Monday, 11 November 2013

Walking the brush...

In the Saturday 8th November Guardian Review section an interview with painter Simon Ling reveals this painter's decision to paint on location and in the streets as opposed to through the use of mediated imagery.
http://www.theguardian.com/artanddesign/2013/nov/08/why-painting-still-matters-tate-britain

Ling says

"I paint in the street because the texture of decision-making is different. It feels sharper and healthier and quicker. One day, I saw a group of schoolkids approaching and I thought: "Here we go." But then one of them said something really perceptive: "That's live." And that is the reason I do it. I want to make this a live, but slightly shifted, version of the world that has me both in it and looking at it."

His reflections on his painting practice reveal the importance of embodied experience in the production of his work and the value he places on the conflation of the objective and subjective  within a single image. What is most interesting perhaps that through embracing this duality within the work, he acknowledges that what results is a 'slightly shifted version of the world'.

His words echo ideas expressed elsewhere on this blog, that through the activity of drawing, a new or shifted understanding of the drawn subject emerges and captures not only what is seen but what is felt. The capacity for drawing to achieve this was discussed at the symposium in July. 
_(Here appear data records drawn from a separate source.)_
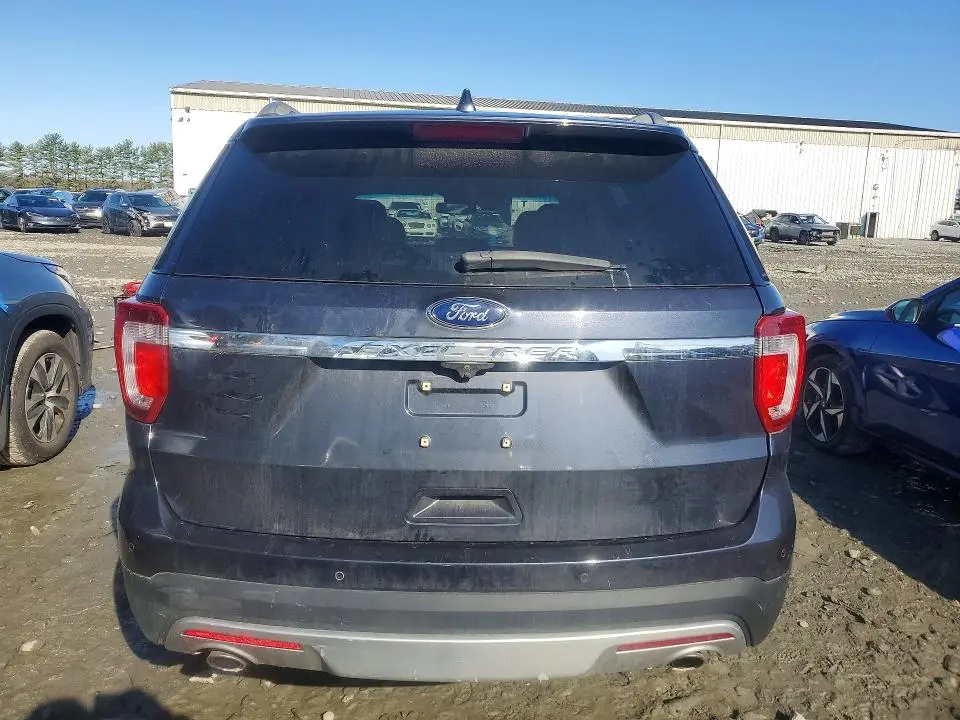 2017 FORD EXPLORER XLT  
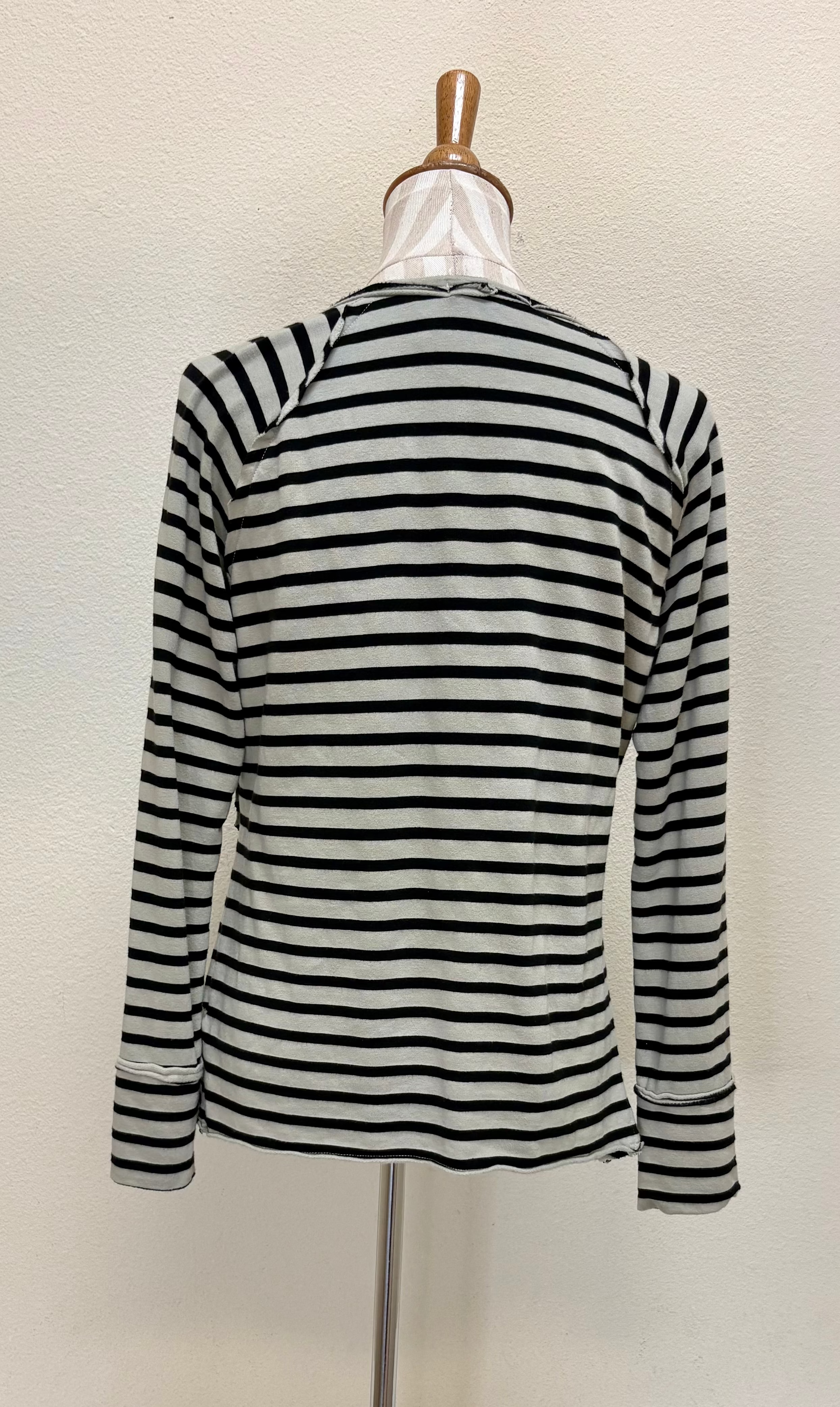 CUT LOOSE Black Stripe Fleece Gore Top - 7247913 - LENTIL - S ONLY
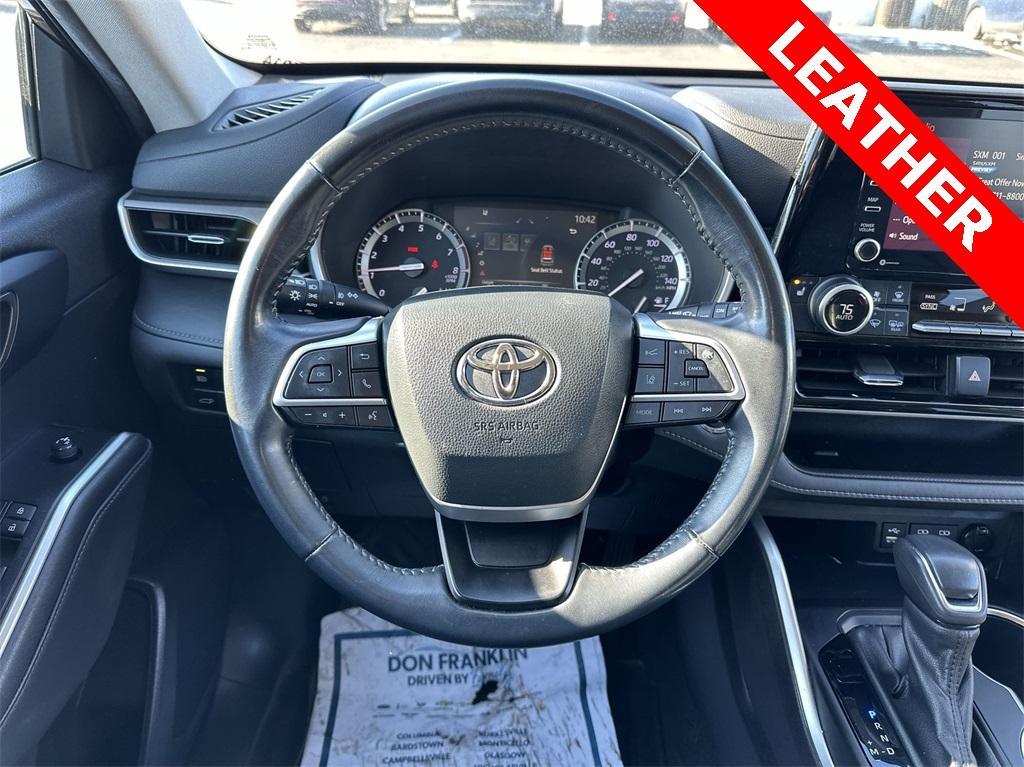 used 2022 Toyota Highlander car, priced at $34,998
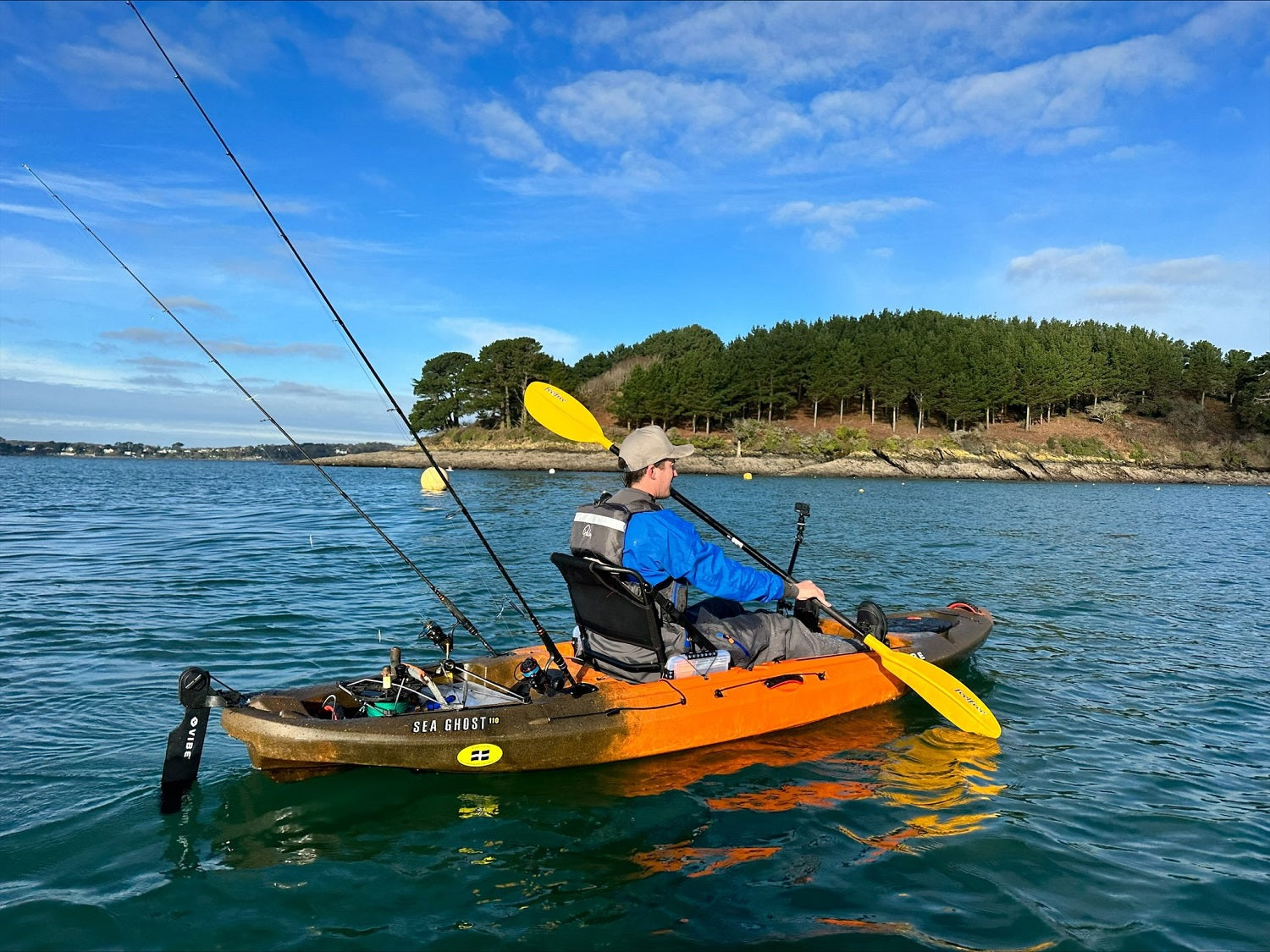 Kayak fishing in the Palm Kola Angler buoyancy aid in Cornwall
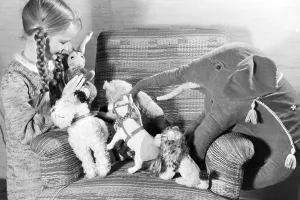 Lion Prints: Kind mit Liegnitzer Bomben und Stofftieren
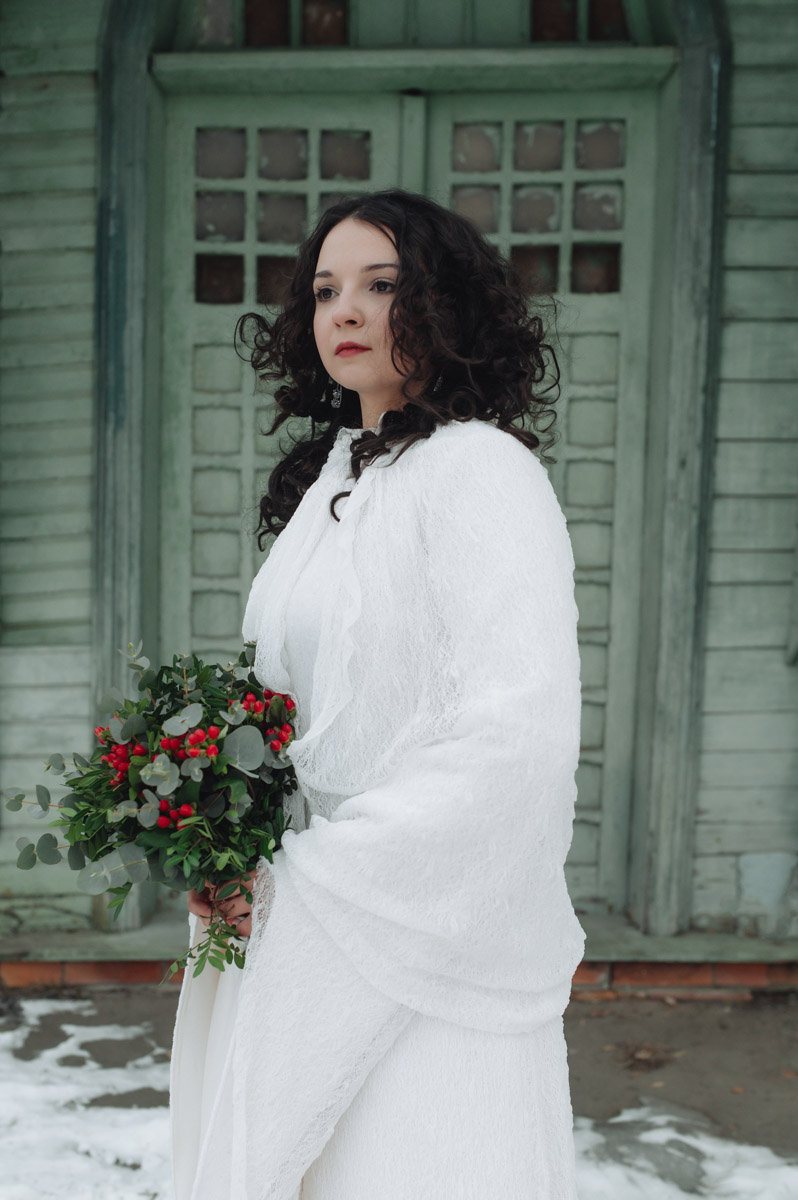 Что-то уединенное, мистическое, фольклорное и непременно приключенческое — такую задачу ставила перед собой пара из Санкт-Петербурга, планируя свадьбу. Олеся и Руслан трудятся в сфере реставрации. Их объединяют увлеченность историческим наследием и страсть к путешествиям. Так и родилась идея связать свои судьбы в одном из древних русских городов. Выбор пал на Гороховец. Получилась настоящая готическая свадьба с кастомным платьем, вилами, белокаменными хоромами и деревянными особняками.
One question that Ling's reflections prompt, is where else we might find this type of activity- we've noticed it in drawing , where else can it be found? Does 'walking the line ' describe artists who draw on location or something more? If something more, what is the 'more' and what makes it significant?  We might also consider the role of  the medium in the negotiations that the media initiates between artist and site. Wet versus dry, scale are all factors to be negotiated and refined according to site.